There’s something wicked at Grandma’s house in the new horror film from M. Night Shyamalan
The Visit doesn’t know if it wants to be scary or funny – and that’s the horror.This low-budget film was produced largely under the radar and shot in 30 days with a tiny crew and an even smaller cast. Shyamalan shopped his film to Blumhouse Productions (the team behind such scream-fests as the Paranormal Activity series and Insidious) and The Visit was born. Originally titled Sundowning (a much more interesting title), the film bears a lot of the hallmarks of a classic Blumhouse production; it’s a found-footage horror set at a rural family home designed to keep you on the edge of your seat. Loretta (Kathryn Hahn) is going off on a cruise while her teenagers Becca (Olivia DeJonge) and Tyler (Ed Oxenbould) go for their first visit to Grandma and Grandpa Jamison.What follows is a mix of jump-inducing shocks, plenty of one-liners, a fair few moments of disgust and just general weirdness. Oh, and possibly the most silly closing scene of the year. And yes, silly is absolutely the right word. Upon arriving at their grandparents’ house, Becca and Tyler are told in no uncertain terms by Grandpa (Paul McRobbie) that “bedtime here is 9.30”. In other words, come out of your room at night at your peril. Of course, like all good horror-movie protagonists, the kids absolutely do not heed this warning and they soon discover that there may be more to sweet ol’ Grandma (Deanna Dunagan) than at first meets the eye.

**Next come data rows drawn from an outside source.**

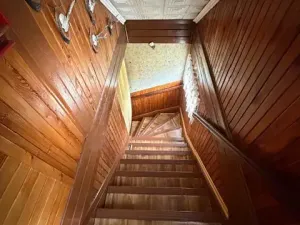 Prodej rodinného domu, Křivoklát, 120 m2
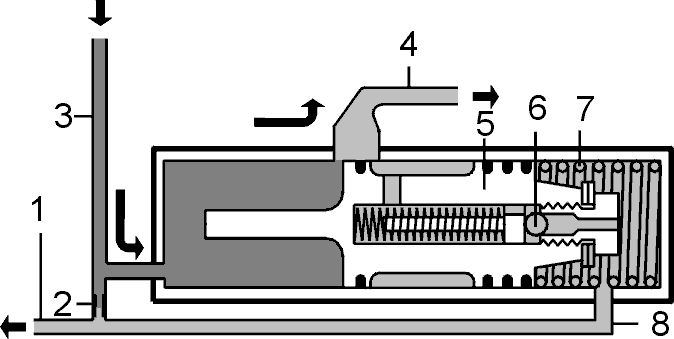 A6400124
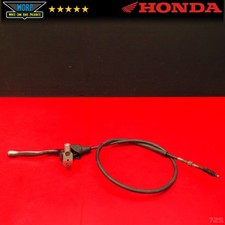 Genuine oem 1986 for sale  Lake Havasu City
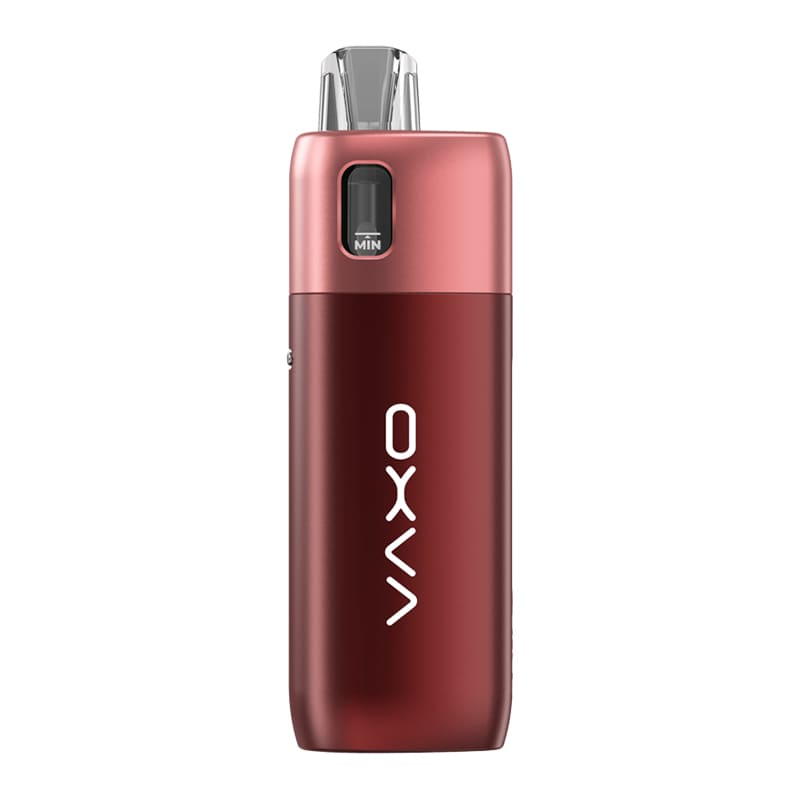 elfbar elfa master akku E-Zigarette Oxva Oneo Pod Kit Sky Blue jetzt online kaufen main image 1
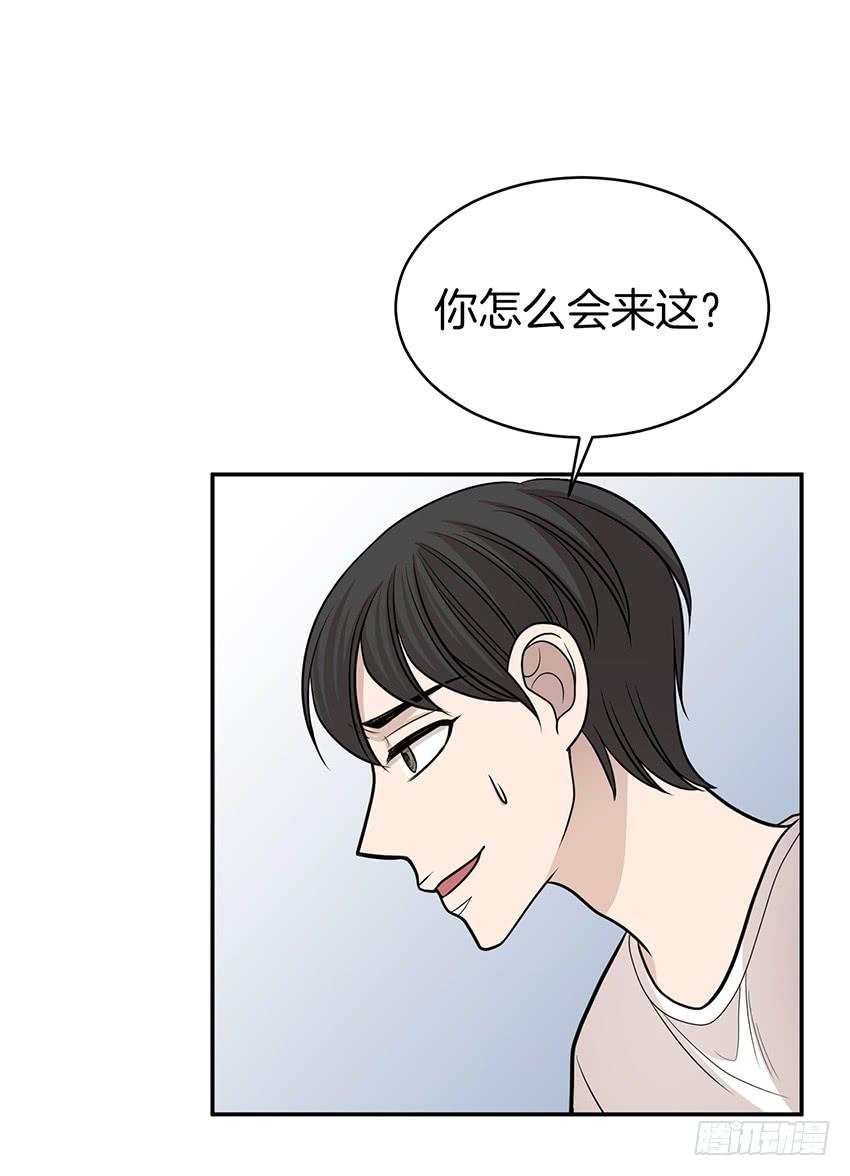 第三十一话下-第63话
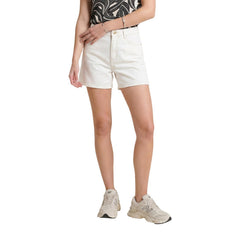Guess Femme Shorts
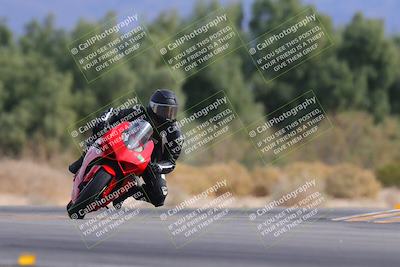 media/Nov-26-2023-TrackXperience (Sun) [[5492a056a2]]/Level 1/Session 4 (Turn 7)/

After a series of high-profile critical failures (The Last Airbender, The Happening, After Earth), Shyamalan will be hoping to get back to the sort of creepy fare that made his name (The Sixth Sense, The Village, Signs, Unbreakable). In the pleasing Shyamalan tradition, The Visit does have the shriek-factor and the chilling twist, although it also has a good dose of Airbending silliness.
The found-footage aesthetic is, for better or worse, maintained throughout, even in moments where it seems physically impossible. Becca is an aspiring documentary filmmaker with all the trimmings – pretentiousness, condescension and a keen eye for mise-en-scène. At times it seems as though Becca is a proxy-Shyamalan, and all her high-minded posturing is the director himself trying to prove to us all that he does know film. Arming herself and her brother with cameras for their weeklong trip to the grandparents’ turns out to be a super smart move, if a little played-out. The film is framed by an interview with Loretta, who gives a little context to her relationship with her parents. The pay-off of this particular section of the film is completely underwhelming, and suffers for being revealed after the film’s big twist.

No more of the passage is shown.